There shall not be found among you anyone…who practices divination or tells fortunes or interprets omens, or a sorcerer or a charmer or a medium or a necromancer or one who inquires of the dead,  for whoever does these things is an abomination to the LORD. (Deuteronomy 18: 10-12)

And, call me a fuddy-duddy, but children dressed up as the devil? Jesus—myJesus dying on the cross Lord that I love above all—allowed soldiers to mock him, beat him,  and nail him to a cross to free me from sin, death, and eternal damnation—the same sin, death, and damnation that delights the devil. Satan isn’t a fairy tale or something to take lightly. He is serious business; so serious that it took God Almighty himself to save us from him. The devil wants nothing more than to separate us from God by wooing us with worldly sin. To die and spend eternity in a lake of fire. And, make no mistake about it—his agenda includes our sweet children.

How’s that for scary?

Therefore, I will never, ever see anything adorable about a child dressed as the devil.

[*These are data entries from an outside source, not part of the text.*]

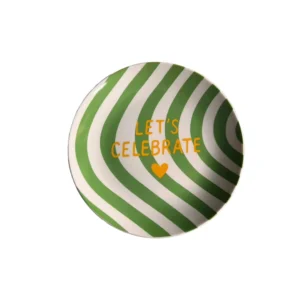 Let’s Celebrate Plate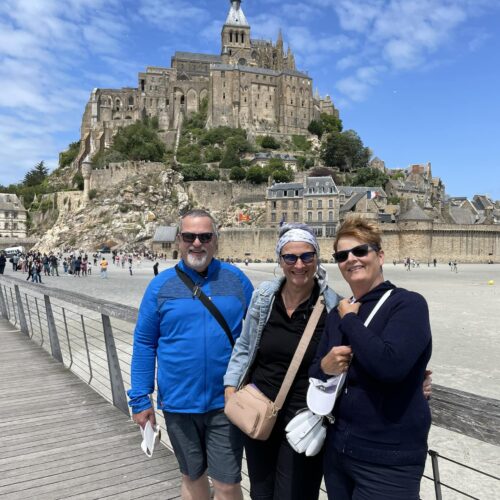 Abbey Mont Saint Michel, Visit Normandy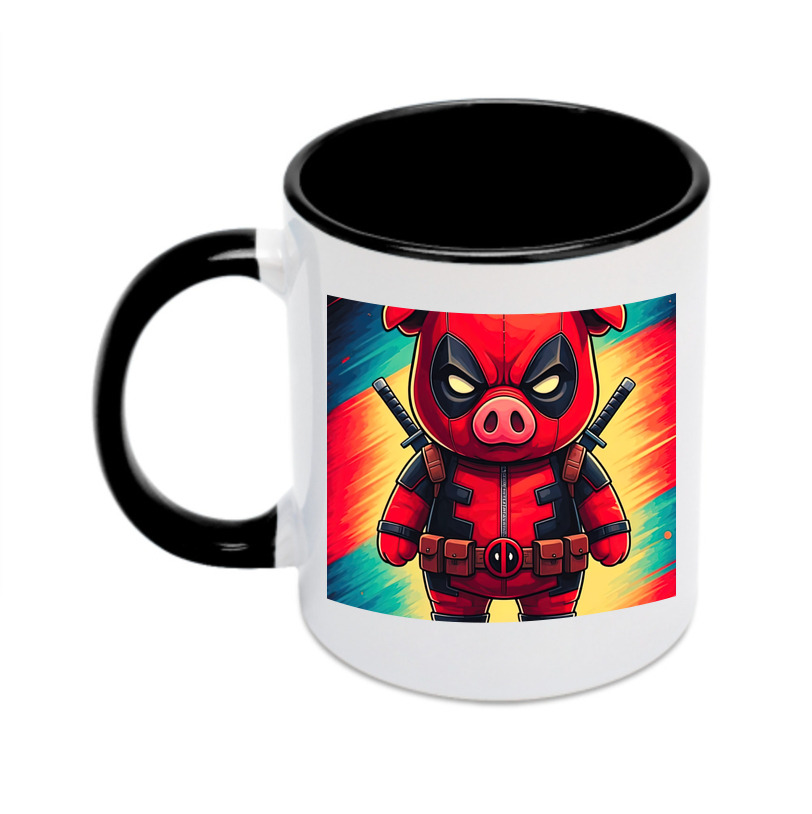 （画像用） Deadpool デッドプール カラーマグカップ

Of course, I could easily pretend that Halloween doesn’t exist, thus eliminating my quandary. My kids are all out of high school, so I don’t have anyone to dress up anymore. And, since we live on the outskirts of Romeo, the number of trick-or-treaters that came to our house in the past few years is a big fat zero. Therefore, no one will be disappointed if I don’t pass out candy. Yep, October 31 could just roll on by—be another fall day like any other day. Except, as anyone who lives in Romeo knows, Halloween is almost impossible to ignore.

Because of Tillson Street.

Starting in early October, the residents of Tillson Street decorate their homes for Halloween. When I say decorate, think thousands of dollars—and the results are spectacular. I have friends who lives on Tillson Street, and every year they convert IMG_4092their home into a castle, complete with a cannon that goes BOOM and scares the pants off anyone inching past the house in the long queue. Fun stuff. (I’m a willing cannoneer at least once a year—see why I kind of like Halloween?) And, I kid you not, during the week before Halloween, people actually wait in a line to walk the sidewalks with thousands of other folks who have come to view the amazing displays. On Halloween, the police close the streets as over two thousand costume-clad children scurry to the coolest trick-or-treat spot in Michigan. You can find out more about Tillson Street at https://www.facebook.com/Halloween-on-Tillson-Street-Romeo-121198587983604/ or at http://www.terrorontillson.com.

Tillson street is fun to visit. Again, while I’m not a fan of the witches and ghosts, a lot of homes are truly wonderful to see. Let me end this blog by displaying my favorite decorated Romeo homes in the photos above and below, many of which are on Tillson Street.

Be safe on October 31.



4 thoughts on “Happy Halloween—I think.

  • Good one, Sue. The joy of Halloween for me ,as a young parent, was seeing all of the smiling faces on the costumed kids that came to our home, & as we went door to door to the houses in our area. Dumping the candy on the living room floor, checking it over, then indulging in our “booty” was so much fun. Fond memories are one of the best things in life. Keep it up. ❤️.

    Liked by 1 person

  • Sue, I am one of the ones who just delights in waiting for kids to stop by my house. It’s always fun to hear the parents remind the munchkins to say “Thank You” after dropping the candy in their sack. I like to think of Halloween as just putting a smile on MY face!! Love ya and the pics.